Reliance Long Term Equity Fund

Reliance Long term Equity Fund is managed by Mr. Sunil Singhania and Mr. Samir Racch. The fund primarily focuses on the small and mid cap companies. The fund defines the small and mid cap stocks as follows: any stock having market capitalisation below Rs. 250 crores as a small cap stock and any stock having market capitalisation between Rs 250 crores to Rs. 1500 crores as a mid cap stock. If you have already invested in this scheme exit now. New investors can skip this fund for a better performing fund in this category.

Where does Reliance Long Term Equity Fund invest your money?

Reliance Long term Equity Fund is a mid and small cap fund which means majority of your money will be invested in stocks of medium and small sized companies. Large cap companies tend to be stable compared to mid cap and small cap companies. And just to give kicker returns it has exposure to mid cap companies. Presently it has just 13.32% exposure to large sized companies and 17.18% exposure to mid sized companies and 69.5% exposure in small sized companies.

Suitable for what?
  • Creating wealth
  • Lifestyle needs
Not suitable for what?
  • Child's education
  • Child's marriage
  • Planning for retirement
  • Home Purchase
How has Reliance Long Term Equity Fund performed in the past?

If you had invested Rs 1 lakh when the fund was launched in December 2006, your value of investments would be around Rs 1.5 lakhs. If you had invested Rs 1 lakh 5 years back, your value of investments would be around Rs 1.25 Lakhs. The performance has not been similar to other mid and small cap mutual funds. It has been giving around 4.6% returns for those who have stayed invested for 5 years.  

Assume you had invested Rs 10,000 every month in Reliance Long term Equity Fund through SIP for 5 years today you would have around Rs 7.52 lakhs.

Our recommendation for fresh investment
Not Recommended
Our recommendation for existing investment
Not Recommended
When to exit?

Withdraw when your goals are close to achievement. Do not remove the money when the markets go up or down. Do not panic. Stick to your goals.

How frequently you need to monitor the performance?

Once you invest in the fund do not get into the habit of checking the NAV daily or monthly. Review the performance once a year. Too much attention is not good.

What are the charges applicable?

A onetime fee of Rs 100 is charged on investments over Rs 10, 000 made through distributors. If you are a first time investor in mutual funds an additional Rs 50 is charged to cover KYC expenses. This is deducted from your investment and can be skipped if you buy directly from the mutual fund via their website or offices.

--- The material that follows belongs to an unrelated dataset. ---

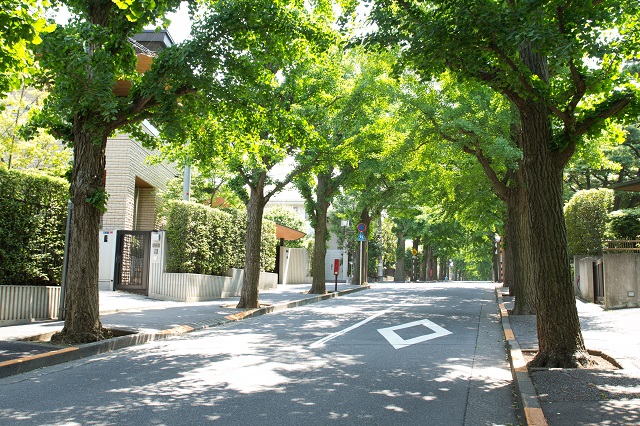 【大阪府住宅地限定ランキング】弊社の独断目線｜家を探す人が多い人気エリアはどこ？詳細場所を徹底解説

If units are sold within a year an exit load of 1% is deducted from your total returns. No exit load applies for units withdrawn post one year. Expense ratio of Reliance Long term Equity Fund is 2.04%. This is charged to recover the fund management company’s expenses on securities’ transactions, commissions, registrar fees, etc. Your mutual fund returns will be total returns less expense ratio.

What are the tax implications?

The returns in an equity mutual fund are absolutely tax free, provided you do not withdraw within 1 year.